Hyperkalemia, hads a higher risk of morbidity and mortality if left untreated. Severe
hypokalemia may also cause respiratory failure, constipation and ileus( lack of movement
somewhere in the intestines that leads to a buildup and potential blockage of food material.)
Chloride:
helps keep the amount of fluid inside and outside of the cells in balance. It also helps maintain
proper blood volume, blood pressure, and pH of body fluids.
Hypochloremia is an electrolyte imbalance that occurs when there's a low amount of chloride
in your body. Symptoms include: fluid loss. Dehydration. weakness or fatigue. difficulty
breathing. diarrhea or vomiting, caused by fluid loss.
Hyperchloremia complications include: excessive fatigue, muscle weakness, breathing
problems, frequent vomiting, prolonged diarrhea, excessive thirst, high blood pressure.
Bicarbonate :
help maintain the acid-base balance (pH) and to work with sodium, potassium, and chloride to
maintain electrical neutrality at the cellular level.

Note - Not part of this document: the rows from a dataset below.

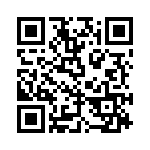 EBA32DCSD QRCode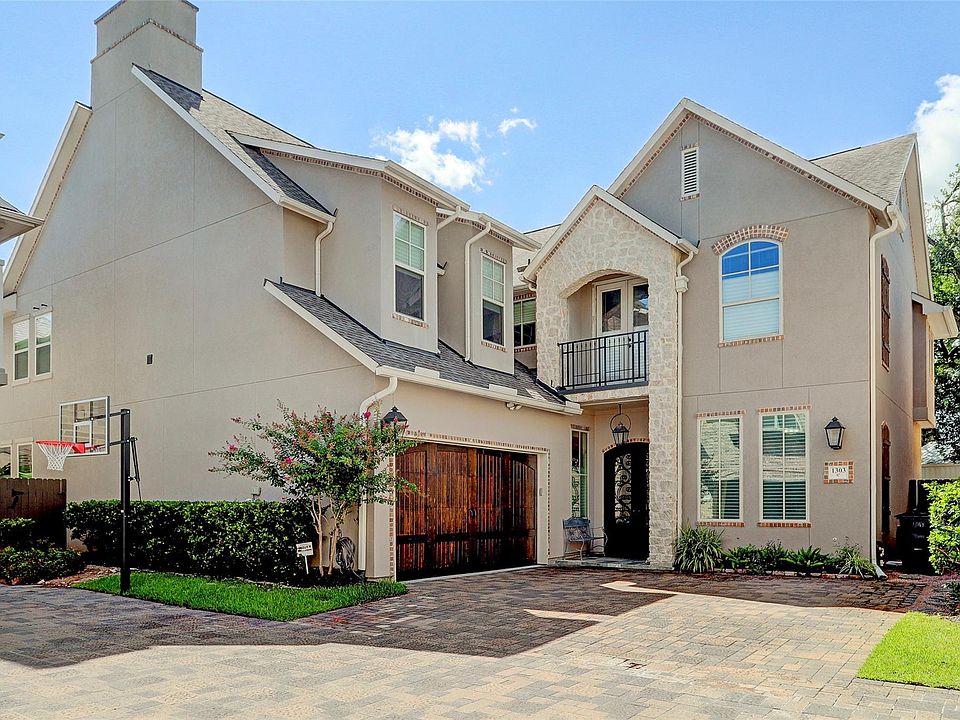 1st image of 1303 Westview Garden Ct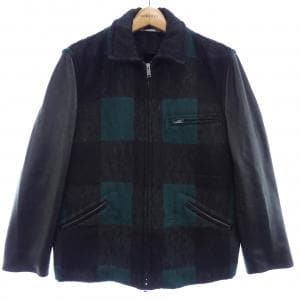 ヴァレンティノ VALENTINO ブルゾン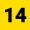 14 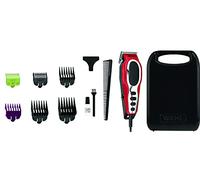 Wahl 79111-2016 Close Cut Pro
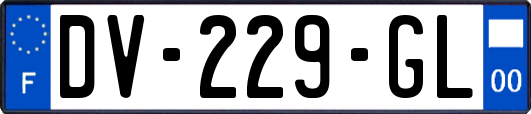 DV-229-GL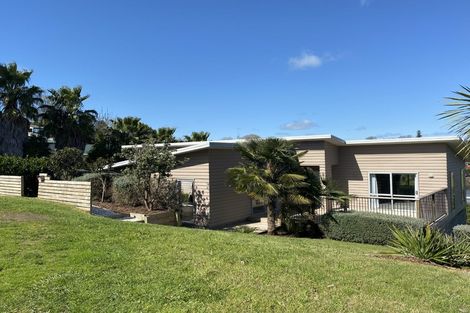 Photo of property in 14 Alpha Street, Cambridge, 3434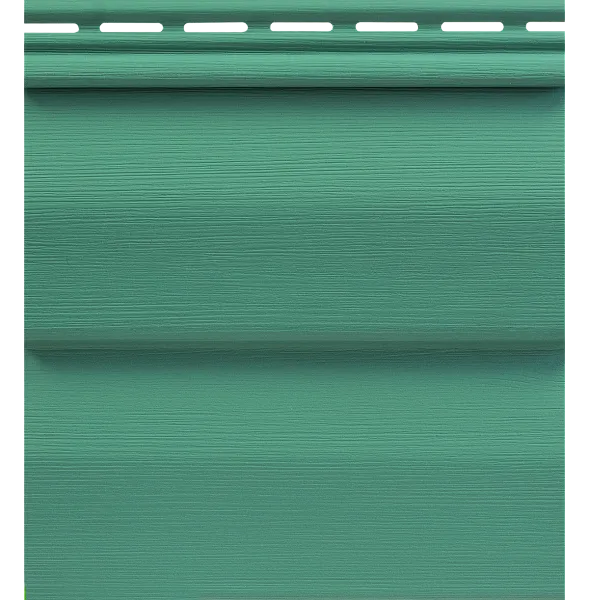 ю_jpg
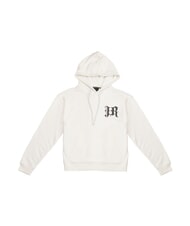JOHN RICHMOND SENYA Hoodie - Sweatshirts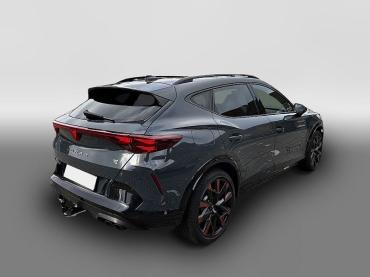Cupra Formentor VZ 2.0 TSI 245kw 4Drive DSG Intelligent Drive M... EU Reimport Neuwagen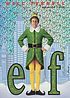 Elf by Jon Favreau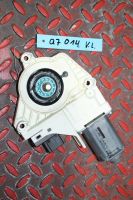 ►Audi Q7 Fensterhebermotor Fensterheber vorne links 4L0959801B Hessen - Mörfelden-Walldorf Vorschau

A low CO2 level can be a sign of several conditions, including: Kidney disease. Diabetic
ketoacidosis
Low bicarbonate levels in the blood are a sign of metabolic acidosis.
1. Long and deep breaths.
2. Fast heartbeat.
3. Headache and/or confusion.
4. Weakness.
5. Feeling very tired.
6. Vomiting and/or feeling sick to your stomach (nausea)
7. Loss of appetite.
High bicarbonate levels may cause:
1. Confusion (can progress to stupor or coma)
2. Hand tremor.
3. Lightheadedness.
4. Muscle twitching.
5. Nausea, vomiting.
6. Numbness or tingling in the face, hands, or feet.
7. Prolonged muscle spasms (tetany)
Urea :
Urea is made when protein is broken down in your body. Urea is made in the liver and passed
out of your body in the urine, high urea in the blood indicates kidney dysfunction.
Low urea levels are not common and are not usually a cause for concern. They can be seen in
severe liver disease
creatinine :
1. Nausea.
2. Chest Pain.
3. Muscle Cramps.
4. Vomiting.
5. Fatigue.
6. Changes in urination frequency and appearance.
7. High blood pressure.
8. Swelling or fluid retention
Low muscle mass: Lack of strength, difficulty exercising, a thin or frail body. Liver disease:
Inflamed liver, which may cause pain in the upper right-side of the abdomen, fatigue or
nausea. Diet-related: Feeling faint or dizzy, losing weight.
Glucose:
Hyperglycemia can damage the vessels that supply blood to vital organs, which can increase
the risk of heart disease and stroke, kidney disease, vision problems, and nerve problems.